A conference had been held by wheat growers in Perth in March 1922, where it was decided to consider the formation of the pool rather than depend on speculative trading. In June 1922, the Chairman of the trustees, Mr A. J. Monger, announced that the state government would not introduce legislation to continue state pooling but that the new pool scheme would commence operating independently. The pool had sources adequate finance from the Commonwealth Bank to pay advances and had negotiated with pools in the eastern states to reduce competition. Participants in the scheme were sent a circular by the pool trustees: A. J. Monger (chairman), B. L. Murray, C. W. Harper and J. S. Teasdale. The circular outlined details of chartering ships, delaying construction of bulk handling facilities in Fremantle, construction of holding sheds in other areas, negotiations with the Mill Owners Association and quashing rumours that contracts were not binding.

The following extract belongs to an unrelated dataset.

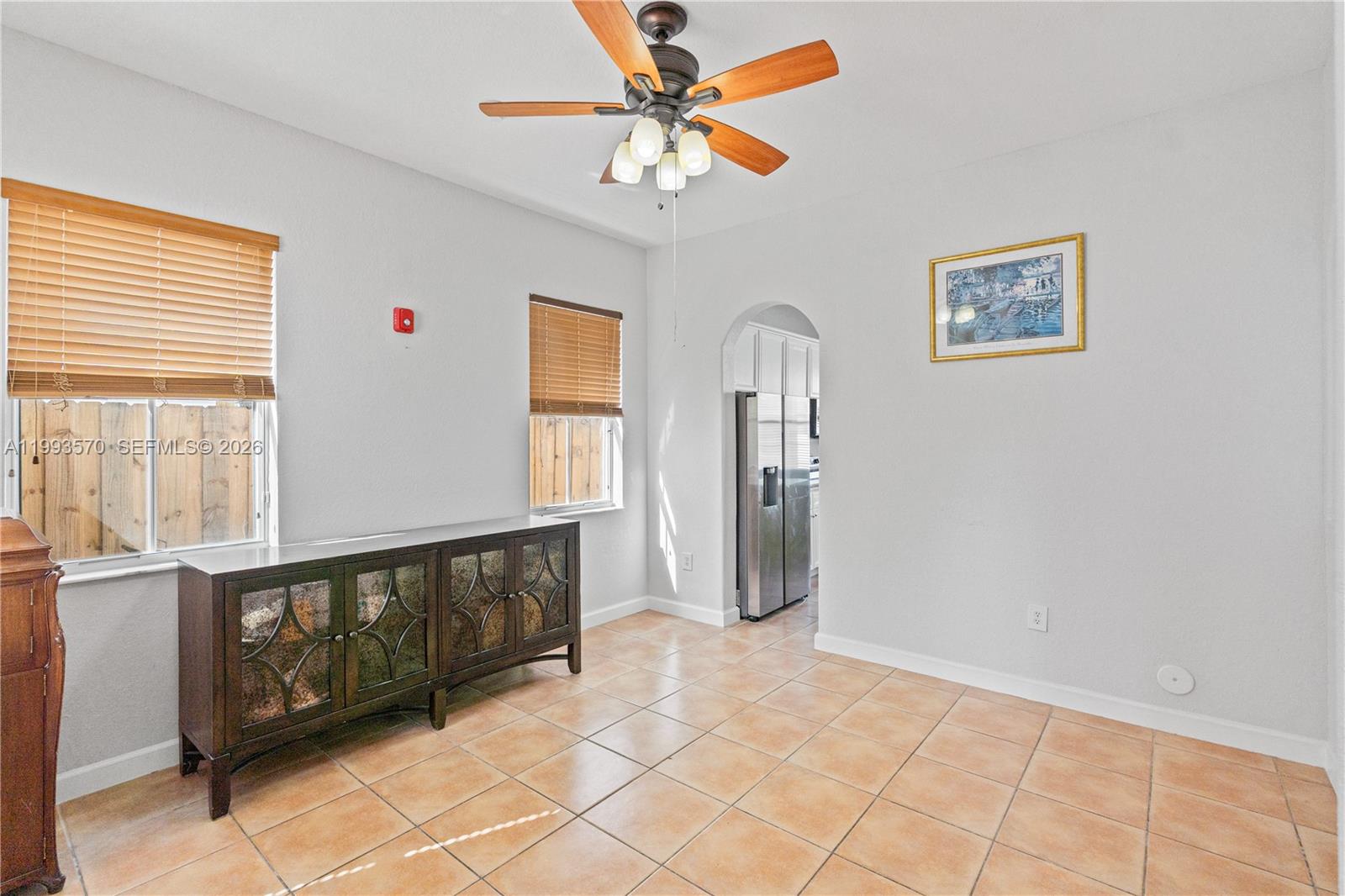 18140 NW 90th Ave Hialeah, FL 33018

For the 1923 harvest, the pool collected 9.75 million bushels of wheat.

Over the course of the 1924–1925 harvest, the pool received over 14 million bushels with a return to growers of a little over 6s per bushel, not including rail freight. Mr H. E. Braine was appointed as the secretary of the pool prior to 1925 and found himself defending the pool against complaints from farmers who claimed they had been given advice to store their grain and contributing to the pool later hoping the price would rise.

The quantity of wheat collected the next season was only just over 6 million bushels; the 1926–1927 season resulted in 17.93 million bushels being collected by the pool.

Following crop failures in India through 1928, the pool supplied over 14.25 million bushels to cover the short fall at prices as described by H. E. Braine as being "very satisfactory".

A record cargo of wheat for the port of Geraldton in 1930 was loaded by the Pool aboard the SS Avala; the vessel was loaded with 80,426 bags, a mass of about .

In 1932, the state government was approached by the Pool to confer upon the trustees sole acquiring rights of the land needed to set up bulk handling facilities. Initially the scheme was strongly opposed, and the bill introduced into the parliament was defeated as it was seen to grant a monopoly. In 1933, the bill was reintroduced after a two-season trial in the Wyalkatchem area. The Premier of Western Australia, Philip Collier, revealed that leases of land at 48 country railway sidings had been awarded to Cooperative Bulk Handling. The general manager of the Pool at this time was Mr. J. Thomson.

By 1935 the pool had estimated a harvest of over 27 million bushels after good rains had been recorded in July; the estimates were later downgraded to 20 million after a dry spell prior to harvesting.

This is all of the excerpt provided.